Почему же принятие идеи бинарной оппозиции в качестве метафизического принципа приводит к отмене самого понятия структуры? Подсказку мы можем найти у одного из теоретиков универсальной комбинаторики – у Лейбница.
В небольшой работе под названием «De organo sive arte magna cogitandi (ubi igitur de vera characteristica, cabbala vera, algebra, arte combinatoria, lingua naturae, scriptura universal1)» Лейбниц напоминает, что «наилучший способ работы ума состоит в том, что он может открывать для себя немногие мысли, из которых по порядку проистекает бесконечное множество других мыслей точно так же, как из нескольких чисел… можно вывести по порядку все остальные». «Поскольку понятий, которые постигаются, бесконечно много, то также возможно, чтобы понятия, постижимые сами из себя, были немногими». Отступая к этим элементарным понятиям, Лейбниц выделяет только два из них: «Сам Бог и кроме того ничто, или лишенность, что доказывается неким удивительным подобием». Что же это за «удивительное подобие»? Это структура бинарного исчисления! В котором «с помощью удивительного метода выражаются все числа посредством Единицы и Ничто». Перед нами философские корни бинарного исчисления: диалектическая взаимосвязь Бога и Ничто, Присутствия и Отсутствия.
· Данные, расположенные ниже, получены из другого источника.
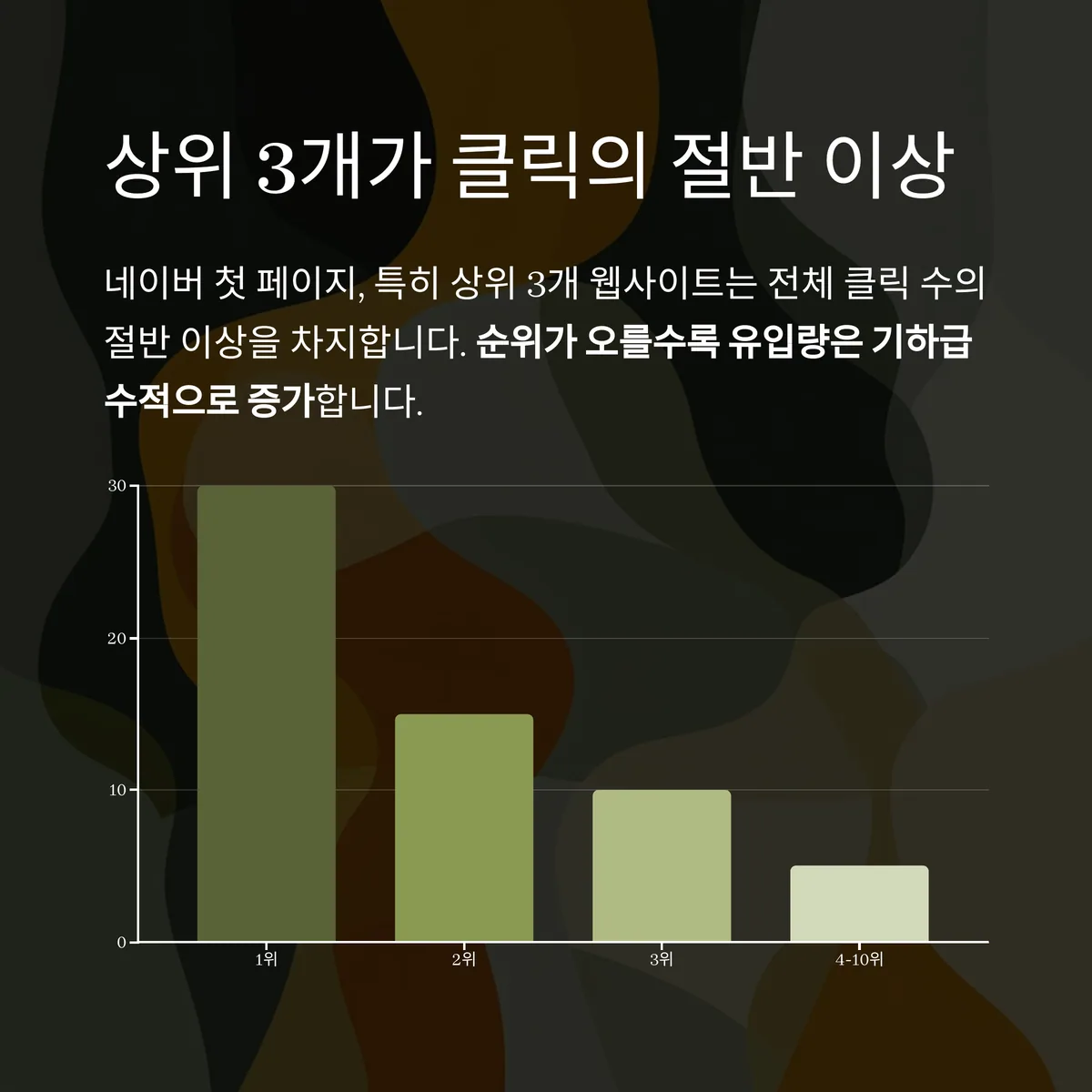 순위에 따라 방문자가 달라진다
Таков Лейбниц, не только математик, но и мыслитель-метафизик без околичностей и уверток. Лейбниц оставляет на долю того, кто примется размышлять о законах универсальной комбинаторики, немалую метафизическую и онтологическую проблему. Нужно ли понимать диалектику присутствия и отсутствия как некий чисто артикуляционный механизм или же речь идет о метафизических началах? Прежде всего посмотрим, как выглядит эта диалектика у ведущих представителей лингвистического структурализма, оставляя пока в стороне метафизическую проблематику
В структурированной системе любой элемент значим постольку, поскольку он не является другим или другими элементами, отсылая к которым, он их исключает. Не физическая субстанция плана выражения наделяет фонематический элемент значением, но его сама по себе пустая и замещаемая в системе валентность. Но для того, чтобы родился смысл, нужно чтобы был хотя бы один из членов оппозиции. Если же его нет, то и отсутствия другого члена также никто не увидит. Оппозициональное отсутствие становится значимым только в присутствии какого-то присутствия, его выявляющего. Субстанция плана выражения как раз и обеспечивает очевидность присутствия. Значимо то, что относится к «emic», но носителем значимостей всегда служит «etic». Или, лучше сказать, пустое пространство между двумя сущностями, которых нет, обретает значение только в том случае, если все три значимости – «да», «нет» и пустое пространство между ними – взаимообусловливают друг друга.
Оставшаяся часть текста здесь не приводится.